Directions >>
Copy the entries below verbatim, omitting any pictures they contain.

Scraped caption text data:
-=-=-=-=-
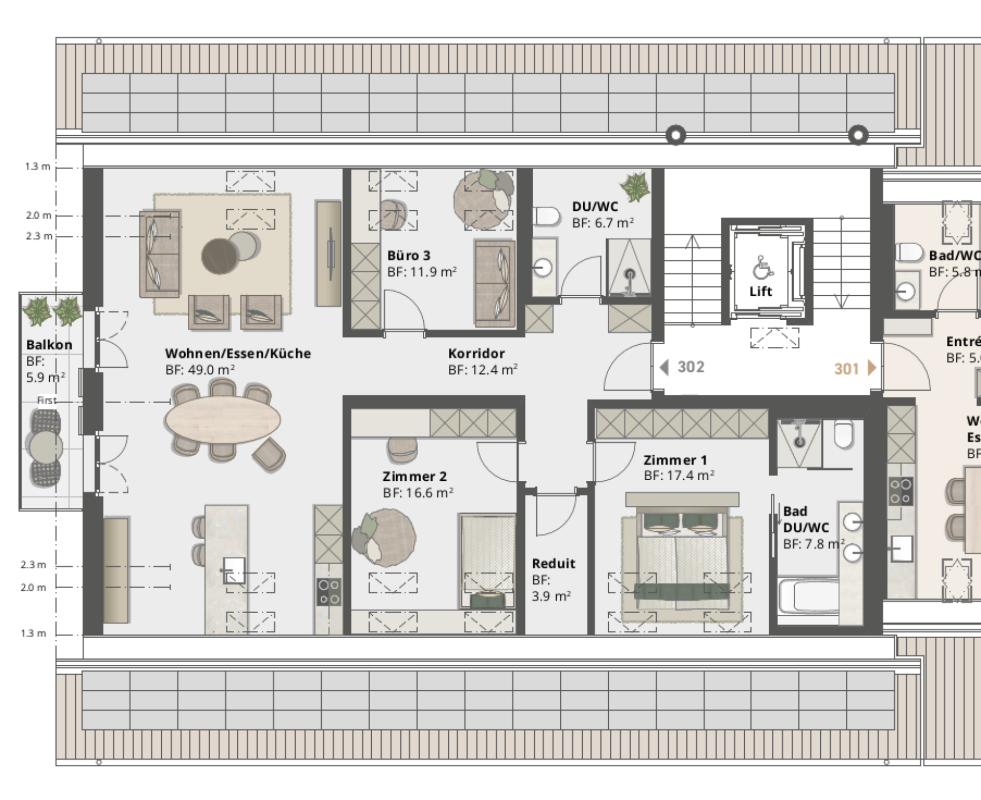 BAUSTART IST ERFOLGT! Hohe Wohnqualität: Neubauwohnungen in Natur-, See- und Stadtnähe - 4.5 Zimmerwohnung 302 Grundriss Variante 1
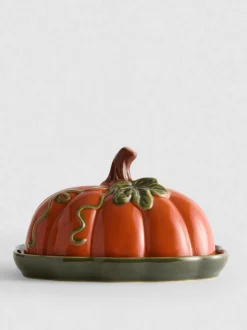 Mantequillera de cerámica en forma de calabaza
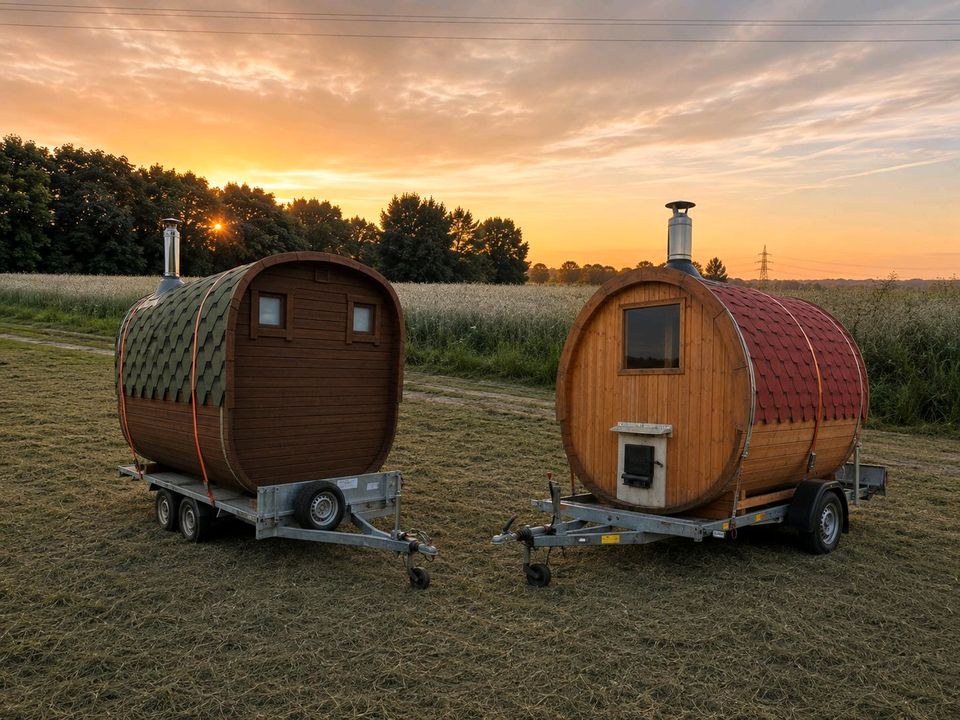 Mobile Fasssauna Sauna Eisfass Holz Banja mieten in Darmstadt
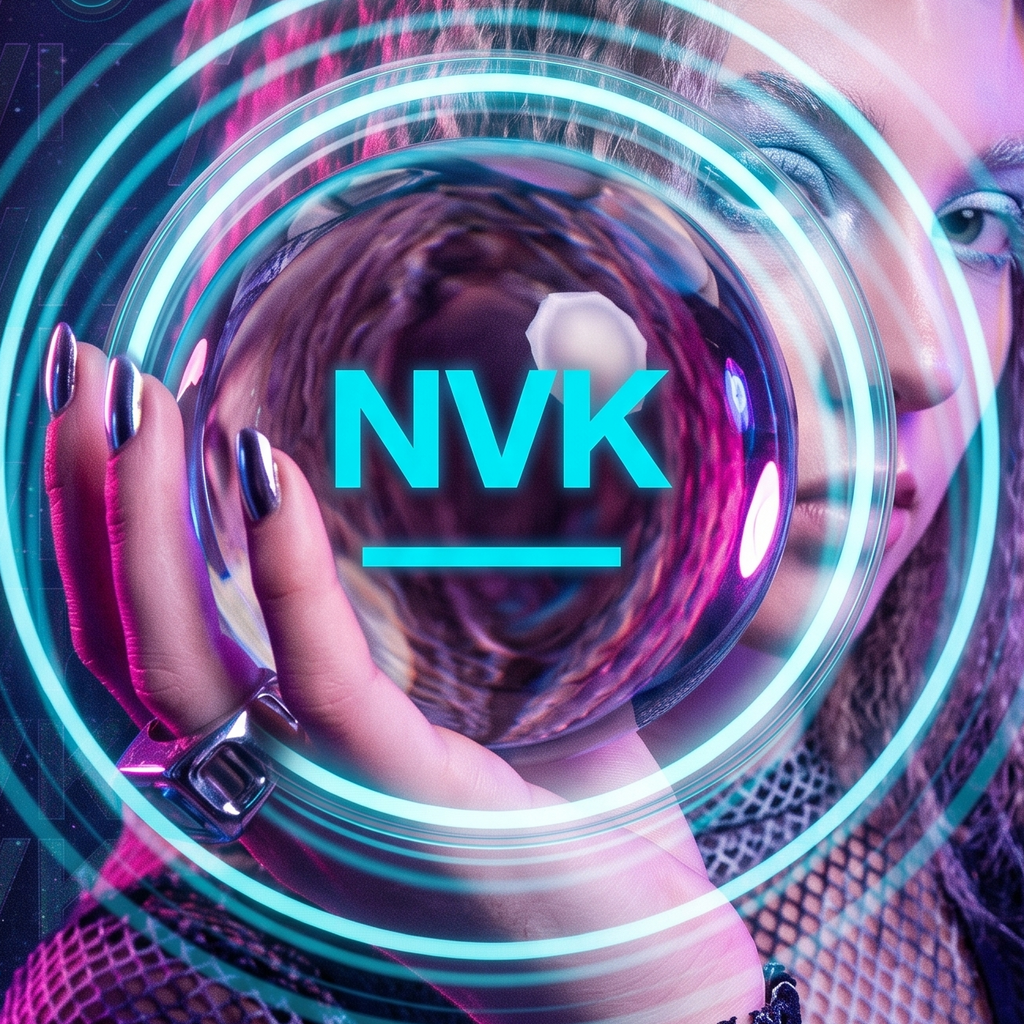 A stylized poster-like product image featuring a woman with cyberpunk makeup and hair, holding a reflective orb with the text 'NVK' in bright cyan. Large vertical text reads 'NVK // CYBER_AGE', with additional decorative text around the edges.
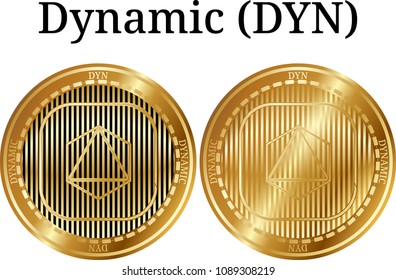 Set of physical golden coin Dynamic (DYN), digital cryptocurrency. Dynamic (DYN) icon set. Vector illustration isolated on white background.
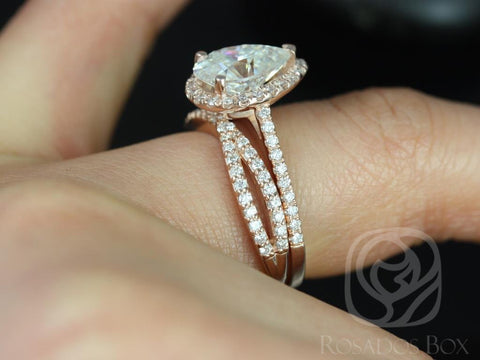 2cts Tabitha 10x7mm & Skinny Lima 14kt Gold Moissanite Diamonds Infinity Pear Halo Bridal Set - Rosados Box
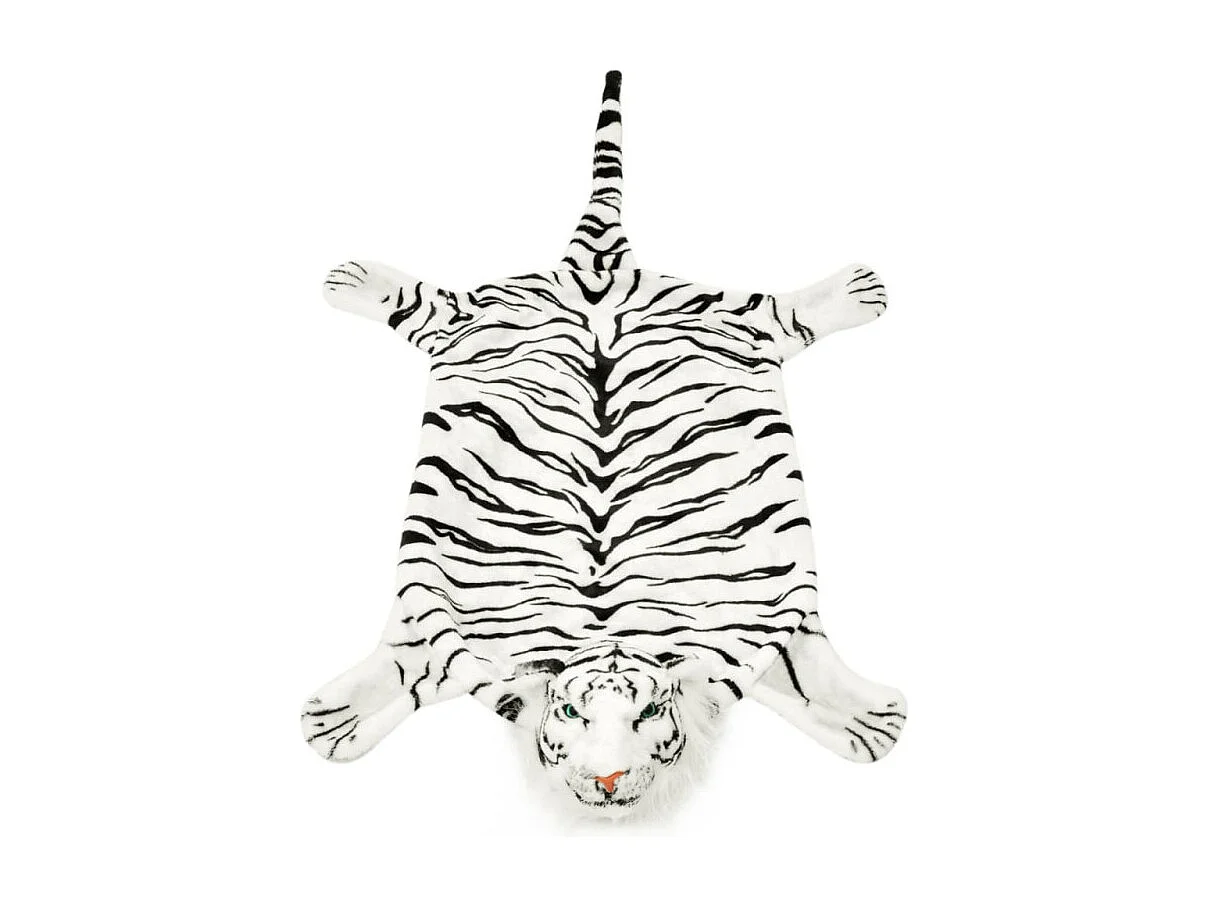 Tapis en peluche en forme de tigre 144 cm Blanc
-=-=-=-=-
Response >>
 BAUSTART IST ERFOLGT! Hohe Wohnqualität: Neubauwohnungen in Natur-, See- und Stadtnähe - 4.5 Zimmerwohnung 302 Grundriss Variante 1
 Mantequillera de cerámica en forma de calabaza
 Mobile Fasssauna Sauna Eisfass Holz Banja mieten in Darmstadt
 A stylized poster-like product image featuring a woman with cyberpunk makeup and hair, holding a reflective orb with the text 'NVK' in bright cyan. Large vertical text reads 'NVK // CYBER_AGE', with additional decorative text around the edges.
 Set of physical golden coin Dynamic (DYN), digital cryptocurrency. Dynamic (DYN) icon set. Vector illustration isolated on white background.
 2cts Tabitha 10x7mm & Skinny Lima 14kt Gold Moissanite Diamonds Infinity Pear Halo Bridal Set - Rosados Box
 Tapis en peluche en forme de tigre 144 cm Blanc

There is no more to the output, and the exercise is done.